(Caption-style text data)
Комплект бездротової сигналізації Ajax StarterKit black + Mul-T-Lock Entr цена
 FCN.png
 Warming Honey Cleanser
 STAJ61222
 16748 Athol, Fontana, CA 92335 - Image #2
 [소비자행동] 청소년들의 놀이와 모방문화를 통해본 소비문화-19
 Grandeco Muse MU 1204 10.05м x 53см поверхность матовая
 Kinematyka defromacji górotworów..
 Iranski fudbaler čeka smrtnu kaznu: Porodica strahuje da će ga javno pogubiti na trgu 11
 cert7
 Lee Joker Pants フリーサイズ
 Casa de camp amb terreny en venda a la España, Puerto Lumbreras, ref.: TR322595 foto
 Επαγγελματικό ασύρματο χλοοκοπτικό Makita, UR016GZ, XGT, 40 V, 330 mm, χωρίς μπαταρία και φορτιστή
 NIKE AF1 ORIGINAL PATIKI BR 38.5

Task to carry out:
Only the lines from the one containing "Casa de camp" through the last line above belong in your answer. Retype them exactly.

Written answer:
 Casa de camp amb terreny en venda a la España, Puerto Lumbreras, ref.: TR322595 foto
 Επαγγελματικό ασύρματο χλοοκοπτικό Makita, UR016GZ, XGT, 40 V, 330 mm, χωρίς μπαταρία και φορτιστή
 NIKE AF1 ORIGINAL PATIKI BR 38.5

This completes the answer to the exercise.